Criminal Conviction With Gavel

What Are the Details of the 2014 Crime?

The 2014 operation involved Wright recruiting gunmen and getaway drivers, before carrying out the armed robberies. The set up was similar to how Wright would later orchestrate his 2017 heist – the heist that recently led to his 27-year sentence.

What Are the Criminal Charges?

Earlier this week, Wright was convicted of using a firearm during a crime of violence. As well, he was convicted of interfering with commerce by robbery and conspiracy to interfere with commerce by robbery. U.S. District Judge, Jennifer Dorsey, handed down his sentence.
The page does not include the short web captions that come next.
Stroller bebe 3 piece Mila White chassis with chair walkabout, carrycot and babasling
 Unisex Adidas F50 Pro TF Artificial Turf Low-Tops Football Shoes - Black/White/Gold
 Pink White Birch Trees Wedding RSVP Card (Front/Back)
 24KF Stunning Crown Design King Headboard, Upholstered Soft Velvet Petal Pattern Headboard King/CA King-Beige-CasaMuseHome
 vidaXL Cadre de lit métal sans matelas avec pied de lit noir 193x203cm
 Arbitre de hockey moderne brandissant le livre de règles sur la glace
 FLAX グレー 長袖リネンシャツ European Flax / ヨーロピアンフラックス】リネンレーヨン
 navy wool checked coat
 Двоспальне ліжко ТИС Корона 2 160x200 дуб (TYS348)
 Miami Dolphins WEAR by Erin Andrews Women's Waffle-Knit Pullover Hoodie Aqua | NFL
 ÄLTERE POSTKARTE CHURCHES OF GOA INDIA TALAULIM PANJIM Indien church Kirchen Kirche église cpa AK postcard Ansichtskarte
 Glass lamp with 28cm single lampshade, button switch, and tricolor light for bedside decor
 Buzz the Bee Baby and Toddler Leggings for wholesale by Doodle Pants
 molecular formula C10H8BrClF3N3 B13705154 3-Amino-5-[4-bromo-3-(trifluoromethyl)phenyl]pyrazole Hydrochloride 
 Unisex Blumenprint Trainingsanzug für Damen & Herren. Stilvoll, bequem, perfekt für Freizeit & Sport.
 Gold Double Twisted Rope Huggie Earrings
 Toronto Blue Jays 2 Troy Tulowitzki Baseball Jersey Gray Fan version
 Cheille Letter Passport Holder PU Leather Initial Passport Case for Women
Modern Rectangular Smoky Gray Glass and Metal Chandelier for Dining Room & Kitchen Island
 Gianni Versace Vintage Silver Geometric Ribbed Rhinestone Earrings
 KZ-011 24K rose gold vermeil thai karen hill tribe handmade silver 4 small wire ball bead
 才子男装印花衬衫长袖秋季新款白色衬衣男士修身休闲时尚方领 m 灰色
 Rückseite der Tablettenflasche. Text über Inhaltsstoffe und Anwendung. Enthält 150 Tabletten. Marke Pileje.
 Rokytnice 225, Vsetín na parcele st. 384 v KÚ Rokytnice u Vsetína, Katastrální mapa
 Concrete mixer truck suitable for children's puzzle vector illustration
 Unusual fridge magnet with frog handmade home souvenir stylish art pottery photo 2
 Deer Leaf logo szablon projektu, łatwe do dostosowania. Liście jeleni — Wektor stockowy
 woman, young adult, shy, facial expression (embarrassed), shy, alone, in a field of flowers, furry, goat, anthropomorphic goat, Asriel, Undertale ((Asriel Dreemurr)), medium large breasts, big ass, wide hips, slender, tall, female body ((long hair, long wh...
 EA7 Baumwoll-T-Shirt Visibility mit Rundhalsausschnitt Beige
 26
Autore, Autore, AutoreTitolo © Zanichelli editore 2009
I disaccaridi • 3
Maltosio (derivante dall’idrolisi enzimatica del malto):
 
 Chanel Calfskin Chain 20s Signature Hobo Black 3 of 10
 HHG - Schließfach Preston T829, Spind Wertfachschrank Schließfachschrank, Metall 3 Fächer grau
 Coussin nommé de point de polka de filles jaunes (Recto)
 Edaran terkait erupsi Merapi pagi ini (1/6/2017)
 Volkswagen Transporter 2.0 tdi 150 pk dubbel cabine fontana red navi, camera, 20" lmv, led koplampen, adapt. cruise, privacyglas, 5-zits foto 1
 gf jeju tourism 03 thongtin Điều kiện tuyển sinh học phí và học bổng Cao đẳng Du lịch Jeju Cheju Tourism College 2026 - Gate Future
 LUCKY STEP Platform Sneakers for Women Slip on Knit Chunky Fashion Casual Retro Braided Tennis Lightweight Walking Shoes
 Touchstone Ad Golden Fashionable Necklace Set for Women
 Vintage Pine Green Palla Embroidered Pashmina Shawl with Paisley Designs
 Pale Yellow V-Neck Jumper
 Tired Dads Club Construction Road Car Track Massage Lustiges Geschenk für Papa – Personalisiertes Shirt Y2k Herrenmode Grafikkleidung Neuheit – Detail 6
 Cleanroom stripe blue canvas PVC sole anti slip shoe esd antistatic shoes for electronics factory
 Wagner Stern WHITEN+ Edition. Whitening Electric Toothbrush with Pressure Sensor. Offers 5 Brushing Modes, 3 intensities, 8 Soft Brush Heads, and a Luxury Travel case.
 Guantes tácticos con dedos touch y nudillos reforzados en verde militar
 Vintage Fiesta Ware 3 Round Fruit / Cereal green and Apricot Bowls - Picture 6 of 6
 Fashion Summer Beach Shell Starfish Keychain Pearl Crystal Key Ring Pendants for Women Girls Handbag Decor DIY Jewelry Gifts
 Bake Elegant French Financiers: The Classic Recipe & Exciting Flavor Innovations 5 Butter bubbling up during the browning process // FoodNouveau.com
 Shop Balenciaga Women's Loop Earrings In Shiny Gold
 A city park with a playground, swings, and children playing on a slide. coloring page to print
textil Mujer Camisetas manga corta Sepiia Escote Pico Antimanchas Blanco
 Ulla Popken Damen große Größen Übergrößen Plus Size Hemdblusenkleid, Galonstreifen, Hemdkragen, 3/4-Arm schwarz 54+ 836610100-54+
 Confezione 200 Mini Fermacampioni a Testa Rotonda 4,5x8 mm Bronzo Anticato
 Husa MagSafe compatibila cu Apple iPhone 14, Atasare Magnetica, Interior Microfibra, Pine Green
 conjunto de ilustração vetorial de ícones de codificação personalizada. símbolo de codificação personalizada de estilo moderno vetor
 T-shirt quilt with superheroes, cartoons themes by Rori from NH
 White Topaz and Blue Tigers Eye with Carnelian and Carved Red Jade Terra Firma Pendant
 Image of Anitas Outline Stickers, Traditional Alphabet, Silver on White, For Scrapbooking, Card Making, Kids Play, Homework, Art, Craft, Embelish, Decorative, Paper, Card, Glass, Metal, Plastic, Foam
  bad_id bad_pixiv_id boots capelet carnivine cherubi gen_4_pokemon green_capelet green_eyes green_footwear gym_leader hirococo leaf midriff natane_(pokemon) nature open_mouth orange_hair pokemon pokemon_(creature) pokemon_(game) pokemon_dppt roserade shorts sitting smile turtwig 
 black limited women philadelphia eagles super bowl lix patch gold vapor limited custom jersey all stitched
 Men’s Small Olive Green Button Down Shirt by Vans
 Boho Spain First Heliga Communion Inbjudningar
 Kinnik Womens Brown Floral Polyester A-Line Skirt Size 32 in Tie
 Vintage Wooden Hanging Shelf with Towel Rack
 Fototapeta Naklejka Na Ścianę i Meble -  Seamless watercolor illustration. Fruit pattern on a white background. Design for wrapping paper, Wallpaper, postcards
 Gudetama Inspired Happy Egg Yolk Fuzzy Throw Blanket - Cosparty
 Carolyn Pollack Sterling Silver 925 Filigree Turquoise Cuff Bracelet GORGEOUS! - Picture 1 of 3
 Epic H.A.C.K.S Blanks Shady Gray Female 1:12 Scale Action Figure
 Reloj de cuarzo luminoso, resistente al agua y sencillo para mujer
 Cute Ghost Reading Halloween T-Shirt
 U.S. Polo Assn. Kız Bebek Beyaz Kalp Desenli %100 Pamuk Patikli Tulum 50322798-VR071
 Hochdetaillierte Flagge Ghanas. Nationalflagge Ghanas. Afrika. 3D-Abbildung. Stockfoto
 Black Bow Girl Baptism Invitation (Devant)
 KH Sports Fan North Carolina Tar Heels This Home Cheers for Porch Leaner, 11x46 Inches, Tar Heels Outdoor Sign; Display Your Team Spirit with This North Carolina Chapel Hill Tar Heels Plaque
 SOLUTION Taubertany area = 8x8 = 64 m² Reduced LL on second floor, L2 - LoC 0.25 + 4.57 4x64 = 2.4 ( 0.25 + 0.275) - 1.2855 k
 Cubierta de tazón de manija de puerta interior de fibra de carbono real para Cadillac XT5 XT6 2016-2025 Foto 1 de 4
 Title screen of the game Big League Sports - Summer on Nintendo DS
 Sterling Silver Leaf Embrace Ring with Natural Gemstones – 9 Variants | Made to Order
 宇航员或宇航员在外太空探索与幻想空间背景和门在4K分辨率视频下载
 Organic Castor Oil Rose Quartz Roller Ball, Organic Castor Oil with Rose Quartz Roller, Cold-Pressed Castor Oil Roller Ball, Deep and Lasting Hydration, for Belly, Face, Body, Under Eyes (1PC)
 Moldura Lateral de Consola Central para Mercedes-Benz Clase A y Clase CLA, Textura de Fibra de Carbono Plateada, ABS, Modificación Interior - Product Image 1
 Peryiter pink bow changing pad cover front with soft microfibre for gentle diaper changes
Wright was not in the room when his sentence was read because, earlier during the hearing, he had been fighting with the judge, claiming his innocence. He eventually stated, “I’d rather just leave,” and called the proceedings a “fare” and a “circus.” Court marshals escorted him from Judge Dorsey’s courtroom.

“I don’t want to be nowhere near you people,” Wright said. “You dirty as hell.”

Judge Dorsey stated that Wright’s behavior was both “obstreperous” and “disruptive” but that it did not factor into her sentencing.

What Happened at Trial?

During the course of the week-long trial, federal prosecutors argued that Wright had conspired with several other individuals (all of whom testified against him) to commit two armed robberies back in 2017. “Terrified employees” and customers in the jewelry stores had been forced to their knees at gunpoint while the crimes were committed.

Assistant U.S. Attorney, Nadia Ahmed, spoke to the courtroom about Wright’s life filled with crime, as well as the most recent offense. “The suffering, the pain, the lasting turmoil Wright and his co-conspirators left the employees and customers of these stores to deal with was and is nothing to the defendant,” she also wrote in a sentencing memo.

The Accused Maintains Innocence

Meanwhile, Wright claimed that, all along, the prosecutors and the FBI agent on his case were plotting against him in a vendetta, ever since the 2016 court blunder that led to his freedom.

In the most recent crime, Wright did not, technically, enter the store. He was nearby communicating with the gunman, who stole over $800,000 worth of jewels. The stolen goods were later recovered. Wright’s fingerprint was found on a garbage bag holding some of the gems.